6.Bölüm

365 27 0
                                    

İyi okumalar...

Mutfağa girdiğinde Çınar ile ikimiz kalmıştık. Sandalyeye yayılmış telefonuyla oynuyordu. Ben de kasaya geçip müşteri gelmesini bekledim.

Kapı sesi duyulduğunda başımı kaldırdım. Çınar da müşteriye bakıp yerinden kalktı. Yanıma geldiğinde gözleriyle gitmemi işaret ediyordu.

Derim nefes verip otuzlu yaşlardaki kadının yanına gittim.

"Hoşgeldiniz. Ne alacağınıza karar verebildiniz mi?" dediğimde tebessümle başını kaldırdı.

"Çay ve kurabiye tabağı alayım."

Başımı sallayıp mutfağa doğru giderken Çınar'ın tebessümle başını eğip kaldırdığını gördüm. Ben de gülüp başımı salladım ve mutfağa girdim. Öyle demeyin bu benim için büyük bir adımdı.

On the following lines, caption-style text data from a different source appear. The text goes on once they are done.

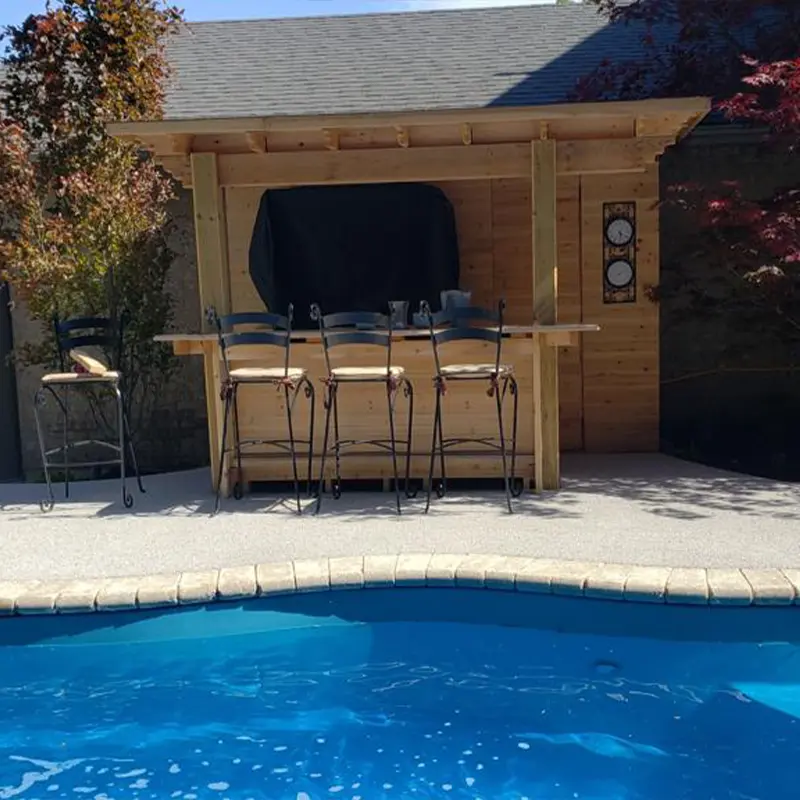 Custom wood poolside cabana with outdoor bar seating built by Megapol Deck in GTA.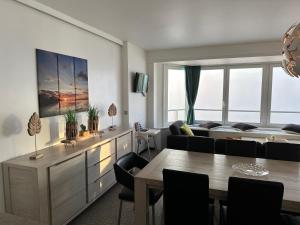 een woonkamer met een bank en een tafel bij Novo panoramic sea view in De Panne
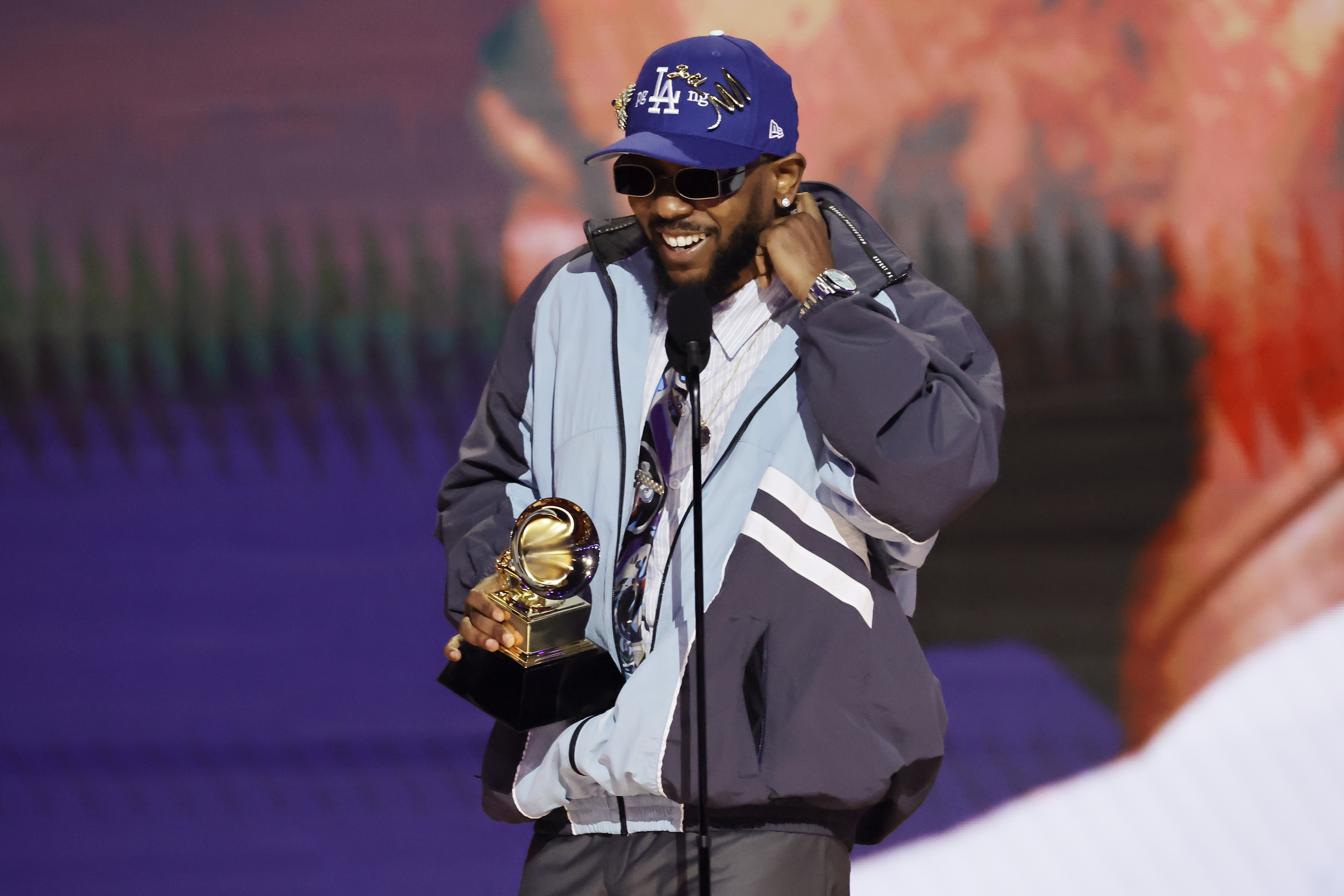 Kendrick Lamar wearing a blue LA Dodgers cap and sunglasses holds a Grammy award on stage, smiling.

"Prensim, bir çay ve kurabiye tabağı." dediğimde başını sallayıp oturduğu yerden kalktı.

Müşteri geldi mi diye mutfaktan çıkıp etrafa baktım. Kadından başka kimse yoktu. Kediye baktığımda peteğin altında uyuduğunu gördüm.

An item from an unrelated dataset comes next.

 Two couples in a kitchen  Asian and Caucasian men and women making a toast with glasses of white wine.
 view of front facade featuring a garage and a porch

Çınar'a döndüğümde ise yine telefonuyla uğraşıyordu. Boşverip abimin yanına gittim. Kurabiye tabağı hazırdı suyun kaynamasını bekliyordu.

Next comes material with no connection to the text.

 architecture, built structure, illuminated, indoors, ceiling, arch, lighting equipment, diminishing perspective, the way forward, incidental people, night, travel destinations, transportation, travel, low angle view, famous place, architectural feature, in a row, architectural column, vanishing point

Bir süre sonra çayı doldurduğunda kurabiye tabağı ile onu da tepsiye koyup elime aldım. Mutfaktan çıktığımda bir kaç tane daha müşteri olduğunu gördüm. Tepsiyi kadının masasına bırakıp kurabiye tabağı ile çayı masasına koydum. Teşekkür ettiğinde tebessümümü sunup on sekiz yaşlarında kız ve erkek olan müşterilerimin yanına gittim.

"Ne alırsınız?"

Bu çocuklarla daha samimi olasım geliyordu.

"İki tane meyve suyu." dediğinde başımı sallayıp mutfağa girdim.

"İki meyve suyu. Şu büyük kupalara dolduruyorum onları."

"Tamamdır."

Abim kupaları alıp tezgaha koyarken içimden arkasından sarılmak gelmişti. Çok şirin gözüküyordu. Tamam yirmi beş yaşında uzun boylu bir adam olabilirdi ama şirindi.

"Abi Çınar'a parayı ne zaman ödeyeceğiz?"

"Ne parası?"

"Adam muayene ediyor ya beni."

"Ne vereceğim ya o ibneye para. Çalışmıyor birşey etmiyor."

"Abi düzgün konuşsana ya. Ne demek çalışmıyor. İşini yapıyor işte. Ne kadar vermemiz gerekiyor?"

"Vermeyeceksin hiçbirşey Defne. O da almaz zaten. Kardeşinin kardeşini muayene ediyor bu kadar."

"Ben anlamadım şimdi Çınar ile ben kardeş miyiz?"

"Saçmalama. Ama öyle birşey oluyor. Of neyse al götür şunları." deyip ne zaman doldurduğunu anlamadığım bardakları elime verdi. Yanağımı öptüğünde gülüp mutfaktan çıktım.

Küçük müşterilerime doğru ilerlerken yirmili yaşlarda erkek grubunun kafeye girdiğini gördüm. Bunlar neden bu kadar uzunlardı?

"Teşekkür ederiz." diyen kıza afiyet olsun deyip bana bakan Çınar'a doğru yürüyordum ki kolum tutuldu.

"Güzellik bize de bak-

Yüzüne yediği yumrukla sarsılan adam masaya çarptı. Arkadaşları arkamda bir yere yollanırken ben de arkamı döndüm. Ah Çınar...

Üst üste yumruklarını adamlara atıyordu. Abim mutfaktan çıktığında Çınar'ı ayırmak yerine onunla beraber olup adamlara vurmaya başlamıştı.